There’s a clear touch of Norse mythology—a mysterious tree (ostensibly representing Yggdrasil), a wise old man with no eyes whose name echoes the eve of Ragnarok (Odin had one eye), a fortune-telling head named Murmur, and all-knowing black ravens. Norse mythology, like many other world mythologies, revolves around a cycle of death and rebirth, a theme that constantly occurs as your protagonist inevitably dies in Strangeland—at times you won’t have a choice—and gets plopped back at the beginning of the game, albeit with your inventory and progress intact.
One of the main themes of the game is masks, which is hammered home by a literal Greek chorus of mannequins in oversized doll heads who function as… well, a Greek chorus. Here the game just leans hard into awkward self-awareness—“in Strangeland, it suits a man to be estranged,” the dolls tell our protagonist, while emphasizing that there’s only room for one Woman in the story. Honestly, if any narrative project starts off with even the slightest preface about matryoshka dolls and nested structures, it’s not hard to guess what happens next. Then we have a conversation between our protagonist and a cicada about imago—both a psychological term as well as a part of insect metamorphosis, a dash of Lacan’s mirror stage theory—that instantly erodes any sense of mystery and nuance that the game might have earned.
Heavy-handed exposition arrives periodically via a demonic payphone, through which our protagonist speaks to an omniscient version of himself (the phone is also how you get hints). You never figure out how that whole situation works, but by the time I bludgeoned my way through the story, I realized it didn’t matter. The phone quickly became a point of contention—half the time I felt like a hostage in a Saw movie, getting berated by a lunatic on the other end of the line.
There are oblique hints of Peake’s Gormenghast books: not so much the dysfunctional pseudo-medieval politics, but the oppressive, inescapable atmosphere and the glacial illusion of “progress” as you creep through the game. Strangeland is, as the designers have discussed via Steam posts, an exploration of sadness prompted by events in their personal lives; including this Gormenghast quote: “In the presence of real tragedy you feel neither pain nor joy nor hatred, only a sense of enormous space and time suspended, the great doors open to black eternity, the rising across the terrible field of that last enormous, unanswerable question.”
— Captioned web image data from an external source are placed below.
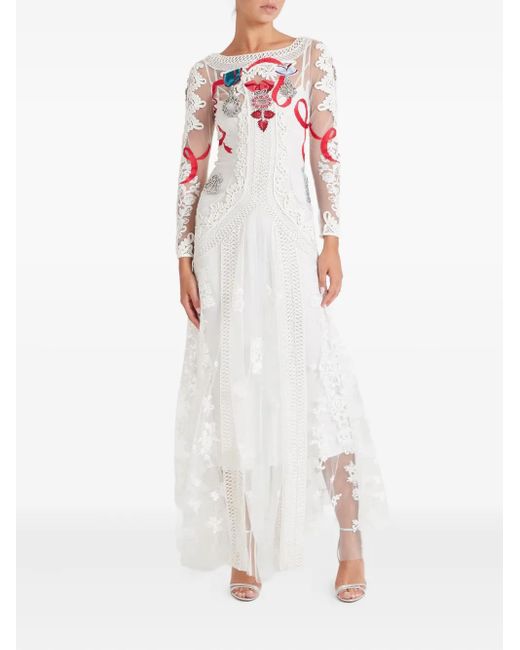 Temperley London White Diamantine Floral-Lace Dress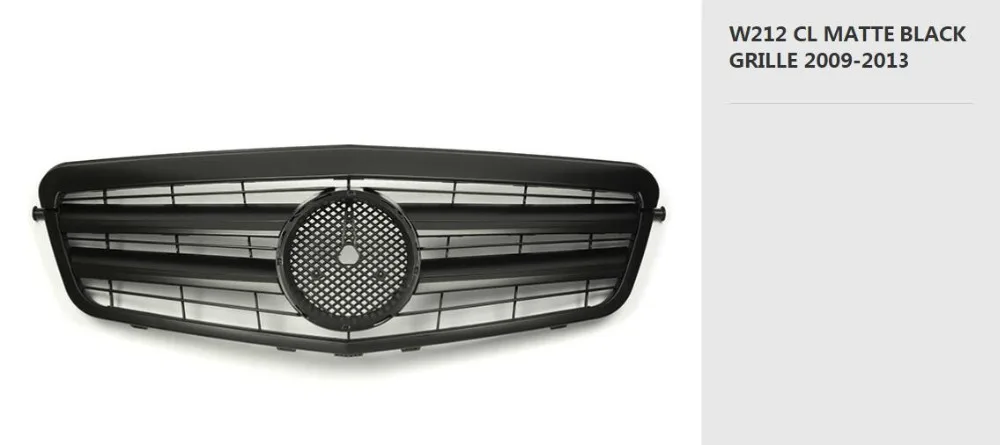 Для Mercedes для Benz E-class W212 2009 2010 2011 2012 2013 с эмблемой глянцевый черный/плоский черный/серебристый/Хромированная передняя гоночная решетка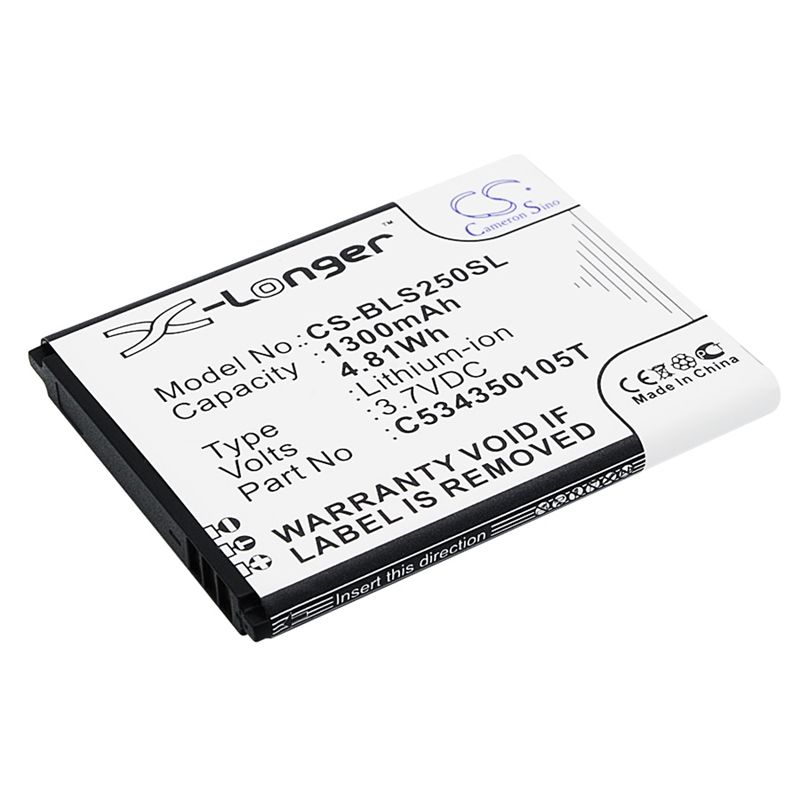 Li-ion Battery fits Blu, hero jr, s250, s250x 3.7V, 1300mAh Communications Cameron Sino Technology Limited (Suspended)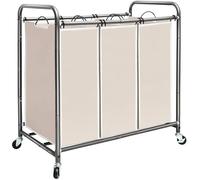 STORAGE MANIAC 3 Section Laundry Sorter, 3 Bag Laundry Hamper Cart with Heavy Duty Rolling Lockable Wheels and Removable Bags, Beige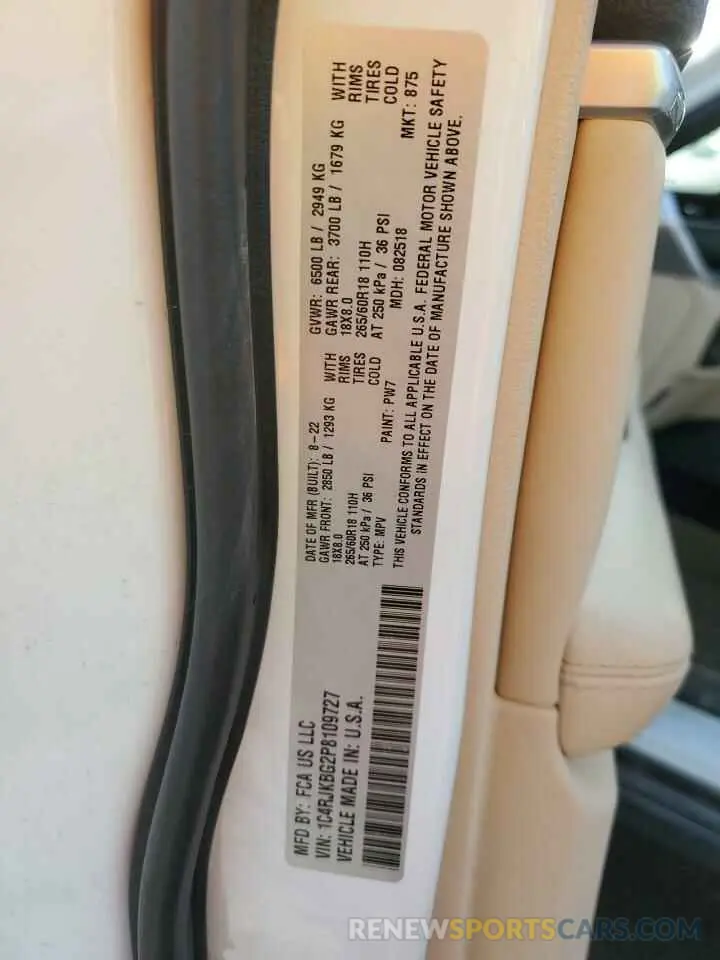 13 Фотография поврежденного автомобиля 1C4RJKBG2P8109727 JEEP GRAND CHER 2023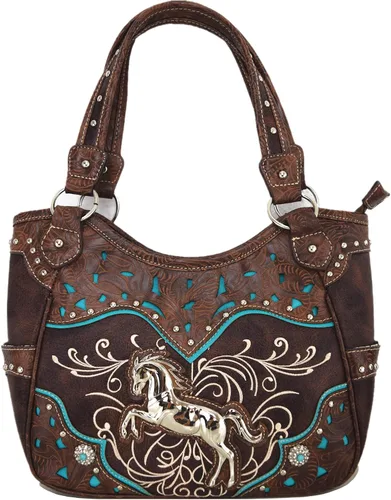 Vista 2 de Juego de monedero oculto de cuero con corte láser para caballo campo vaquera bolsos de hombro cartera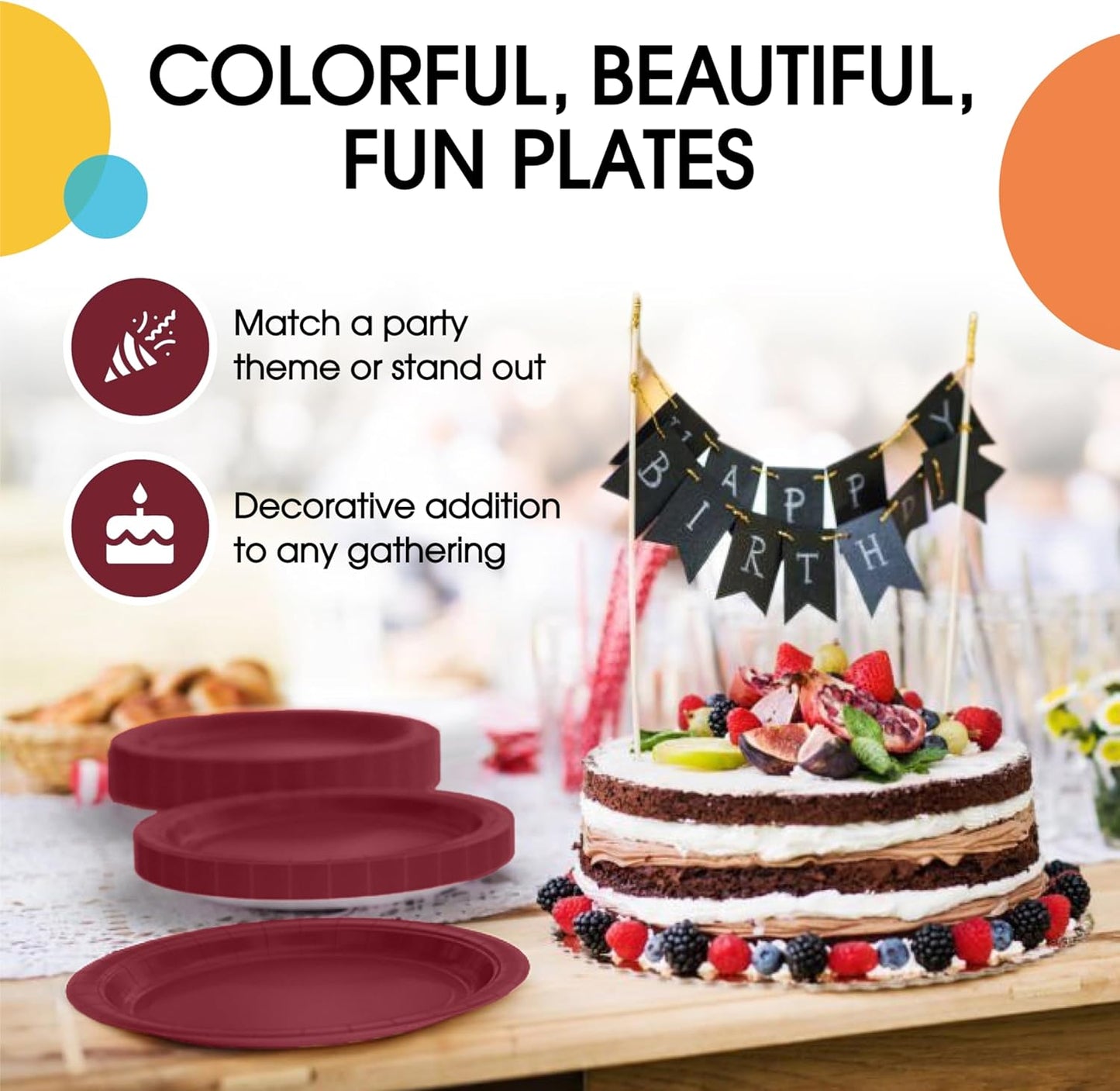 Exquisite Burgundy Paper Plates Disposable Heavy Duty 9 Inch Burgundy Disposable Plates For Party 100 Pcs Heavy Duty Paper Plate 350 GSM, Birthday Party Supplies Plate Set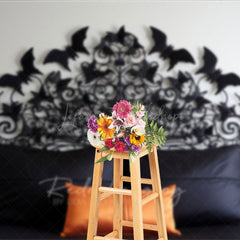 Lofaris Gothic Bat Forged Iron Headboard Photography Backdrop Spooky Black Bedroom Decor Halloween Moody Photo Prop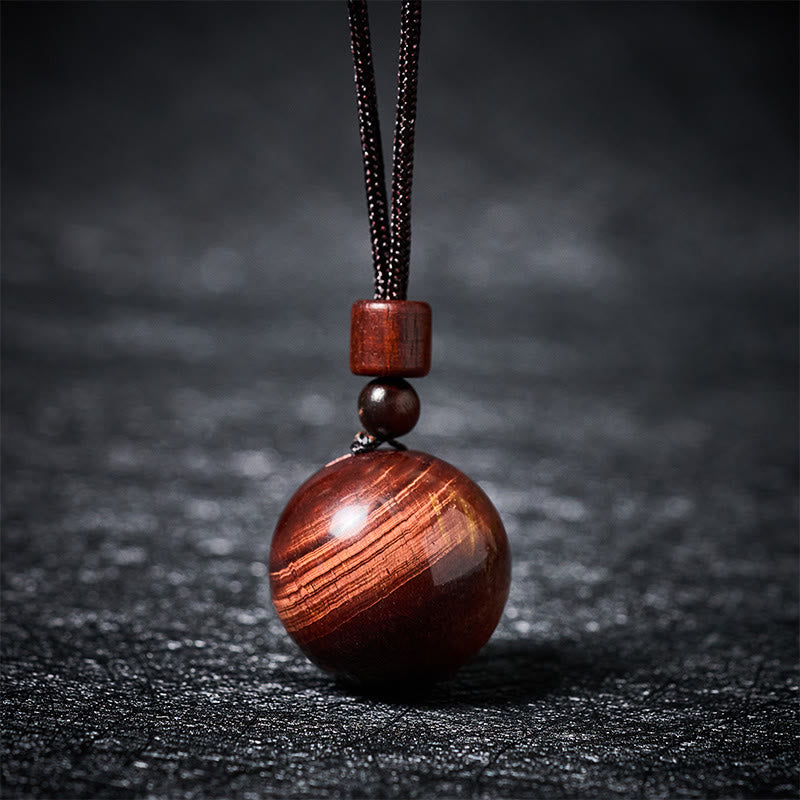 Buddha Stones Collier pendentif de protection en cristal blanc, cristal rose, œil de tigre et quartz fumé - Œil de tigre rouge - image 29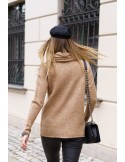 Loose turtleneck with sequin cappuccino pocket 321950 - Online store - Boutique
I would like to play that game. Doing more with less is underrated, and it’s hard to create something vast and unknowable if you build it around recognizable genre tropes that prevent you from doing something truly interesting. One of the neatest parts of Strangeland is, in fact, a tarot-reading sequence that requires a little bit of basic memory, dramatic introspection and imagination. It’s a nice balance of arcane divination, mystery, and a pinch of meta-commentary—after all, tarot was mostly originally used as gaming cards. Seeing how the reading reappeared later in the narrative is a neat touch, and if anyone wants to make a point-and-click tarot adventure around this idea, I’d love to play it.
Strangeland stands as an argument that players should know as little as possible in a horror adventure game to cultivate tension, yet it still manages to circumvent its own potential by trying to do too much. And of course, we come back to the fridged woman—our blonde in distress—whom we finally rescue. Once our protagonist’s purpose has been fulfilled, he finds a very literal release from this Groundhog Day from hell, with the added realisation that it is actually she who has rescued you, and yes, she’s already dead. This was the point of no return where I knew the game couldn’t redeem itself, so it’s probably best that it was the end anyway.